Economia
Telecom, Generali e Mediobanca: il silenzio assordante della Consob
Tim, l’ora dei messaggi trasversali e delle valutazioni
La fuga di notizie sul piano industriale di Labriola
Sperare che la Consob accenda un faro, un riflettore, anche solo una lampadina è esercizio fideistico e spesso destinato a rimanere senza risultati. Non è stato fatto – se non settimane dopo – nel momento in cui la battaglia di Trieste tra pattisti e Mediobanca infuriava, con ogni probabilità non succederà neanche questa volta con Tim.
Eppure, in un caso come nell’altro, l’authority dovrebbe provare a dire la sua. Perché con Generali parliamo di un’azienda che ha in pancia 660 miliardi, di cui 60 in buoni del tesoro; per quanto riguarda l’ex-Sip, ci stiamo riferendo a un’azienda che dovrebbe ricoprire un ruolo cardine nella digitalizzazione del Paese promessa dal Pnrr.
Ciononostante ci si ritrova la domenica sera a leggere smentite da parte dell’azienda. Il motivo? La richiesta che le autorità vigilino di fronte alla fuga di notizie che arrivano in merito al famoso piano industriale. Tim, infatti, ha emesso una nota piuttosto dura annunciando il ricorso agli organismi competenti per evitare che informazioni - al momento da verificare - possano ulteriormente danneggiare la società.
Qual è la pietra dello scandalo? Secondo diverse fonti, il fondo americano Kkr sarebbe pronto a mettersi di traverso rispetto all’idea di Pietro Labriola di procedere a una scissione di Tim tra una ServiceCo che si occupa dei servizi e una NetCo che invece dovrebbe essere il punto di riferimento della rete.

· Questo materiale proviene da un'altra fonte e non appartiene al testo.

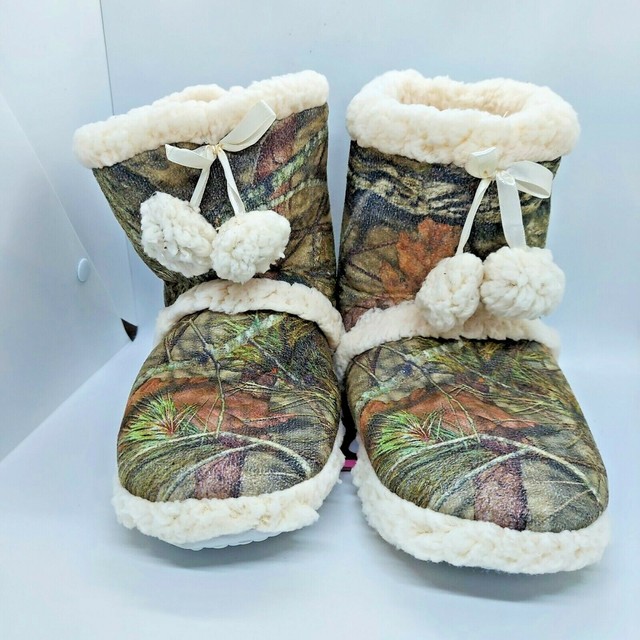 2 Pair of Mossy Oak Camo Break up 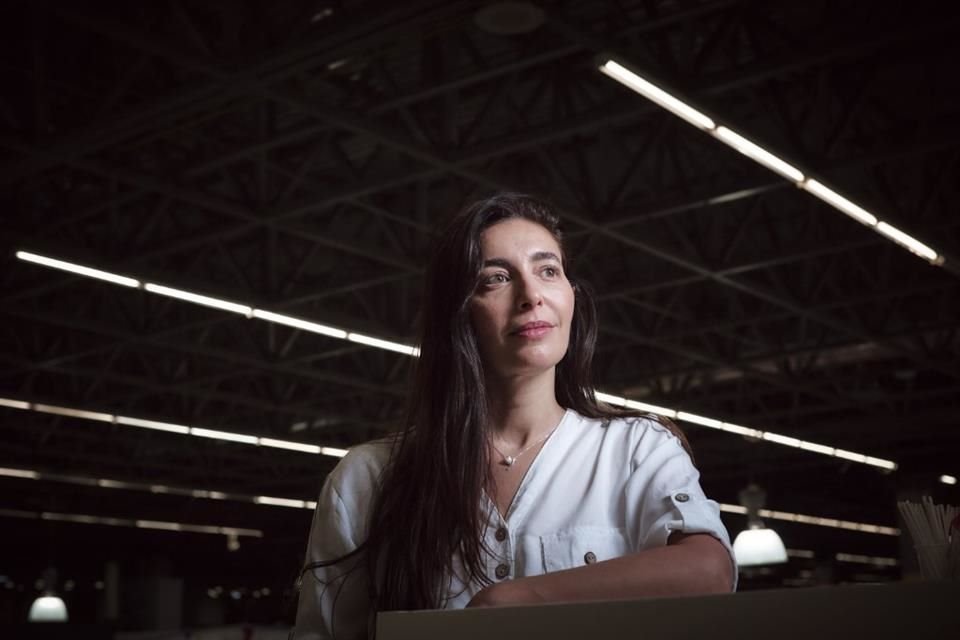 La escritora uruguaya Fernanda Trías obtuvo el Premio de Literatura Sor Juana Inés de la Cruz 2025 por su obra El Monte de las Furias.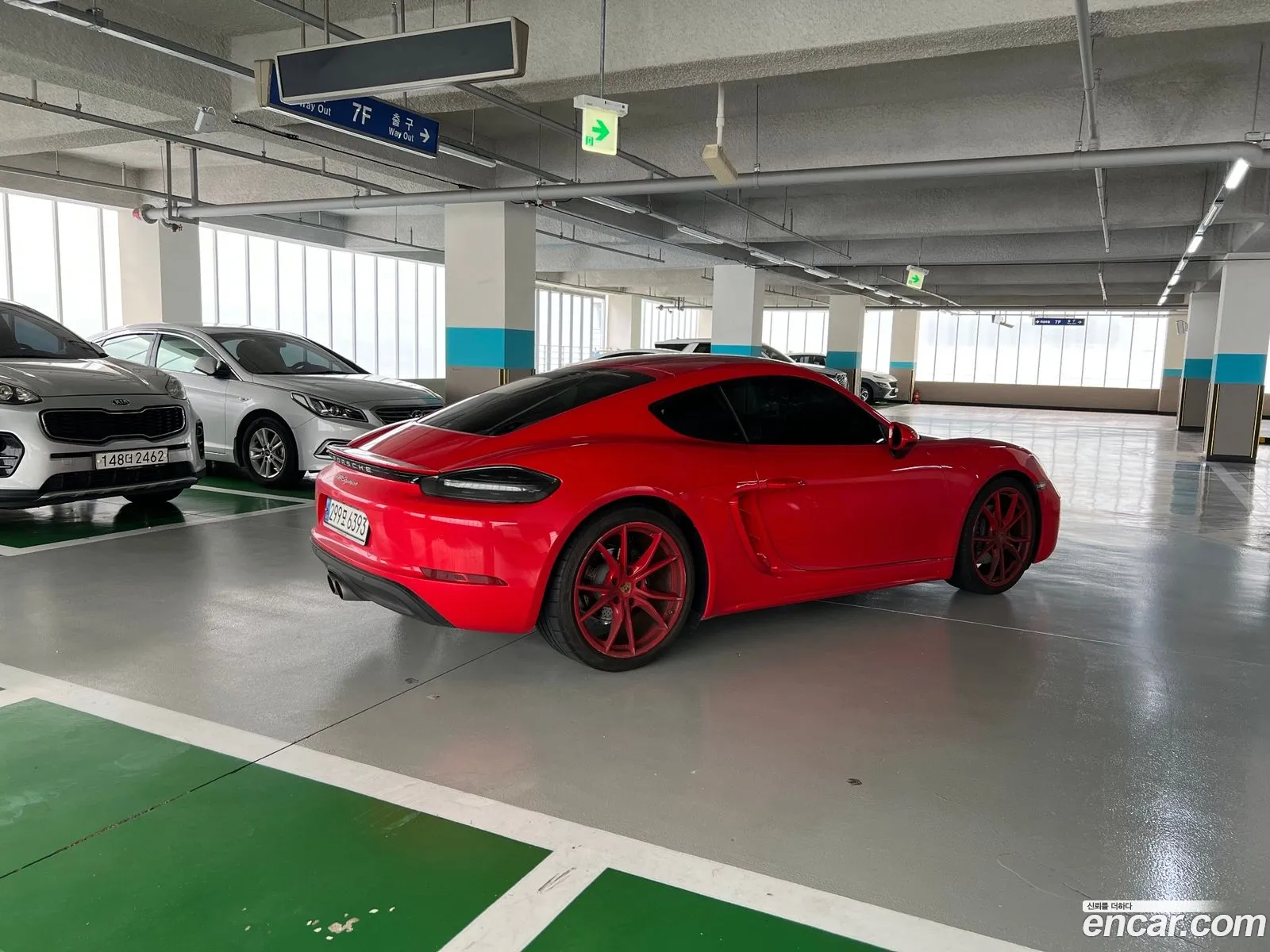 Porsche 718 20 2022 - фотография 14485488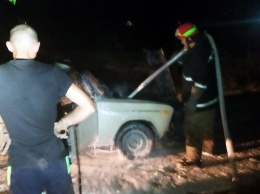 Под Днепром на дороге сгорел автомобиль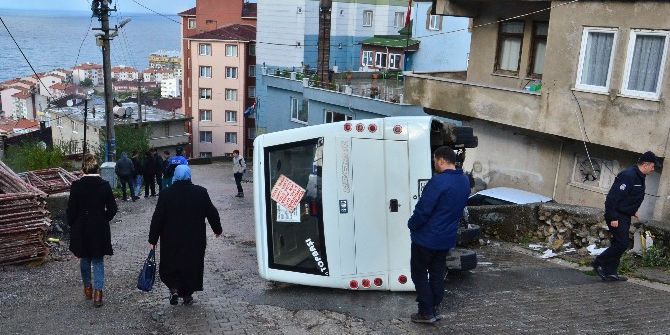 Kontrolden Çıkan Minibüs Devrildi: 2 Yaralı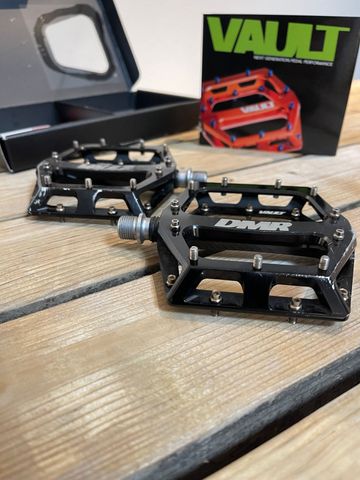 Brugt DMR VAULT PLATFORM PEDALS BLACK 2024 bike — billede 6 af 6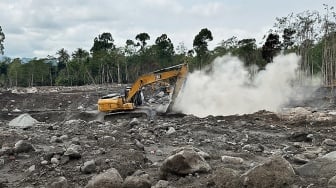 Pemkab Lumajang Hentikan Semua Aktivitas Tambang Pasir, Gunung Semeru Berstatus Awas!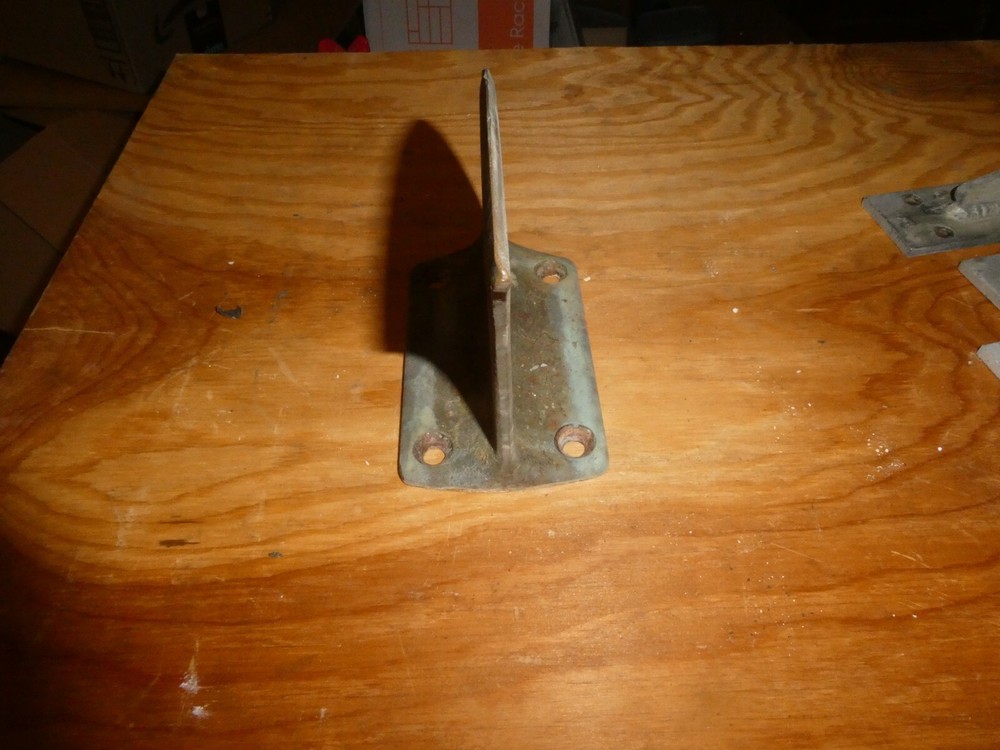 Supra Tracking Fin
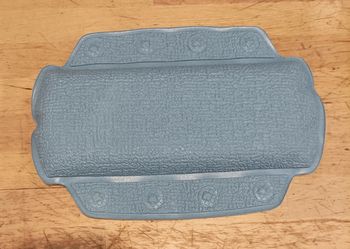 Tête en mousse baignoire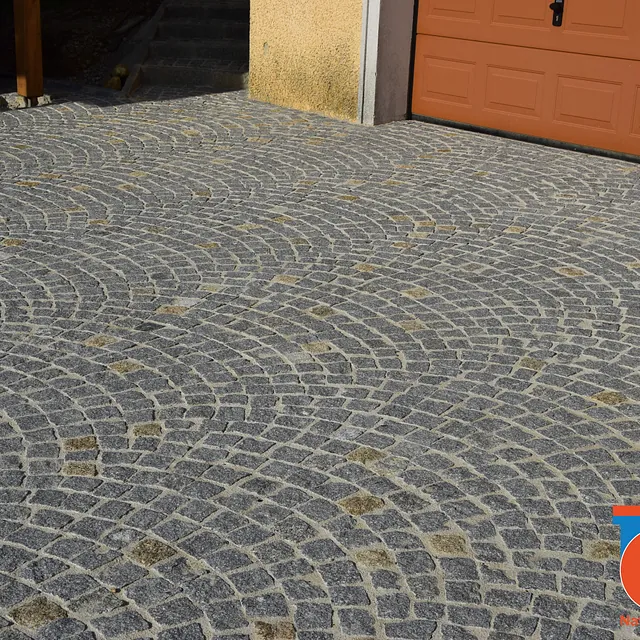Garagenzufahrt aus grau gemischtem Granit Kleinpflaster im Segmentbogenverband in Neuhofen an der Krems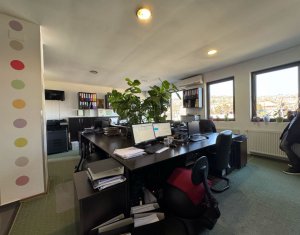 Apartament 3 camere, ultrafinisat, mobilat pentru birou, panorama unica ! 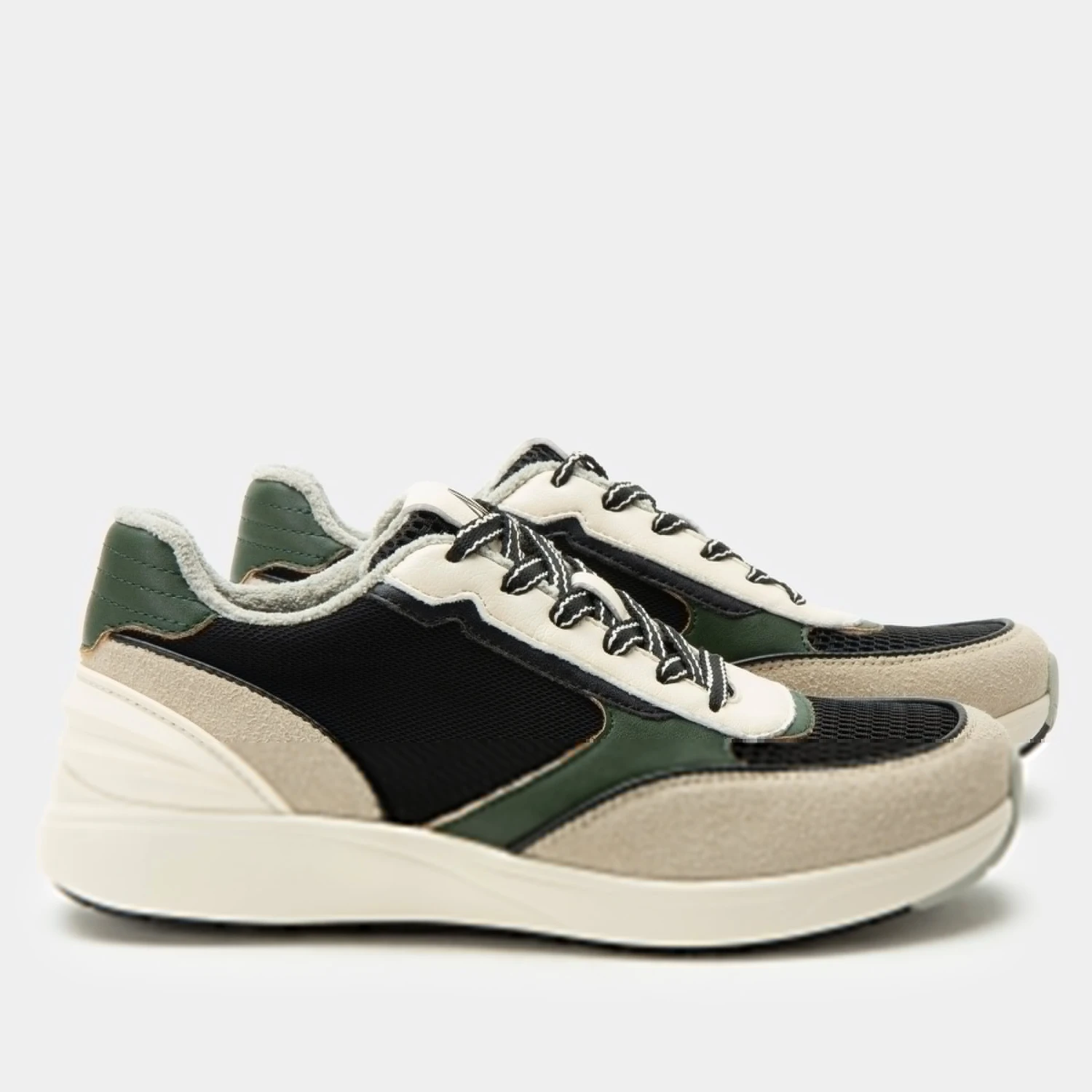 Embyr Emerald Shoe 2 Embyr Emerald Shoe - Image 2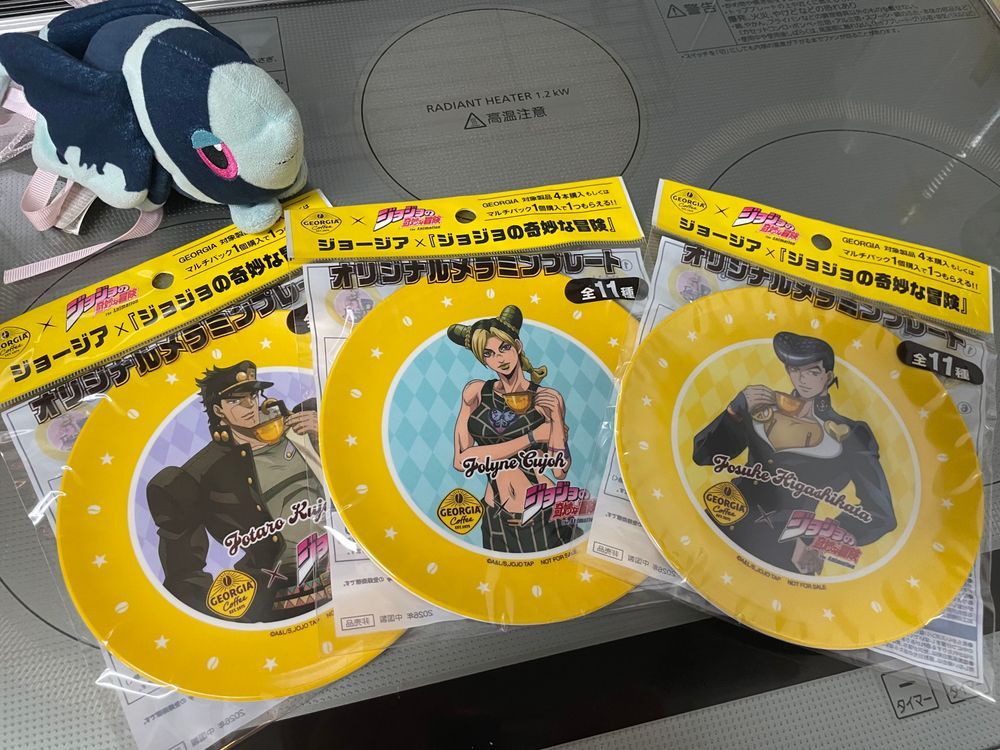バァーン
いま じょーじあさんの のみものを なんほんか かうと、 じょじょのきみょうなぼうけんと こらぼした めらみんぷれーとが もらえるんだっ!
むろん ぼくたちも にゅうしゅすべく もよりの いおんさんへ むかった……!
←to be continued
きょうの おちゃは、 てぃーぶてぃっくさんの ぶるーふらわーはーぶ💠
じょーすたーけの いろ と いったら、 あおかな… と おもって あおいろの こうちゃに したよ!
ばたふらいぴーの いろみも かおりも さわやかで… 〝さわやかなやつ〟 みたいな おちゃ…📞
おうちの ざいこは これで おしまいだから、 また みつけしだい かくほして おきたいな…😢
きょうの おかしは、 にっせいしすこさんの ここなっつさぶれ はっこうばたー🥥
びすけっとに つやっとした おさとうが つ
いた、 やさしい あまみの なつかしさ かおる おかし…
ふわっと ばたーの かおりも して、こころも あったかい なんごくきぶん だね!
じょうたろうさんの めらみんぷれーと… こんなに かわいい おかしとか のせて いいのかな とか かんがえちゃうね🤔
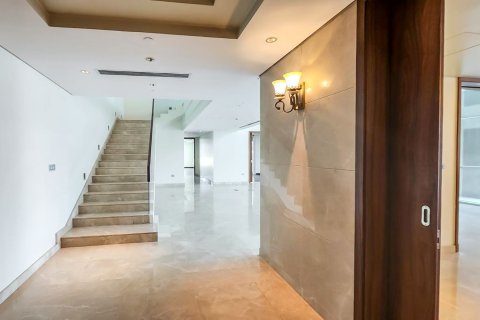 Penthouse in Marina Residences 1, Palm Jumeirah, Dubai 4 bedrooms, 952.65 sq.m. № 142194 - photo 26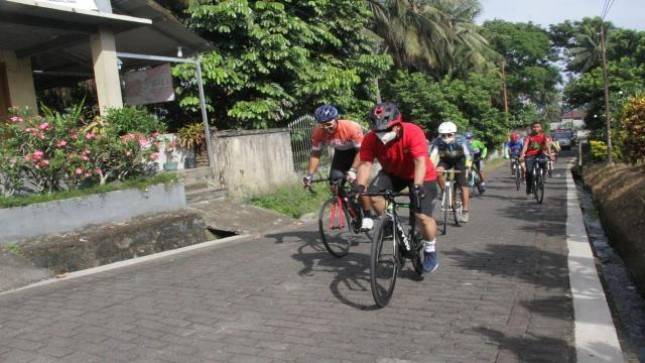Sejumlah Perwira Lantamal VIII Gowes Sepeda Tingkatkan Kebugaran Tubuh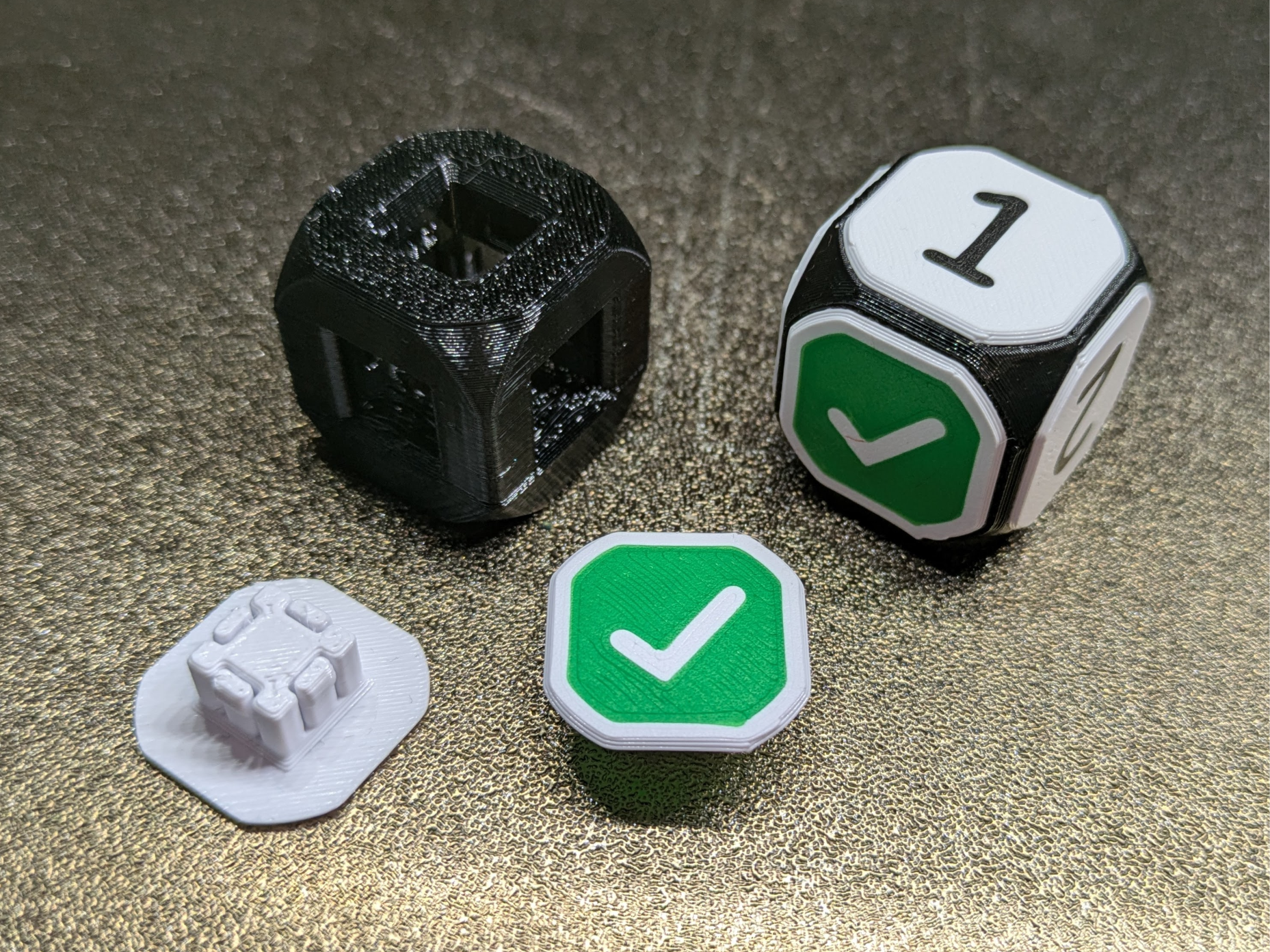 Dice with Customizable Faces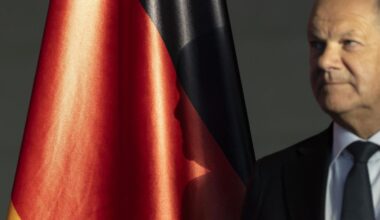 Spitzenpolitik: Regierungssprecher verteidigt acht Stellen für Büro von Scholz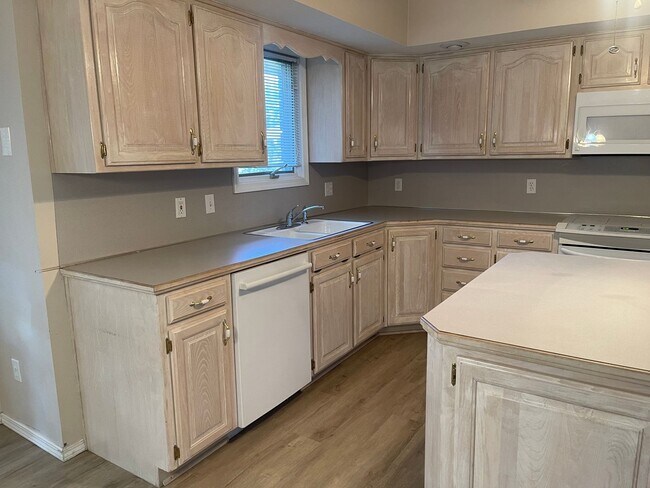 Building Photo - BEAUTIFUL Spacious home with an open floor plan in a great area!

Più d’uno sostiene che Kkr, oltre ad avere necessità di ottenere una risposta sulla possibile Opa annunciata a fine novembre – su cui diremo dopo – potrebbe addirittura mettere il veto all’operazione di scorporo perché, in quanto azionista di FiberCop con il 37,5%, godrebbe di protezioni speciali sul ritorno dell’investimento. E Tim teme che queste e altre notizie trapelate negli ultimi giorni non possano far altro che nuocerle.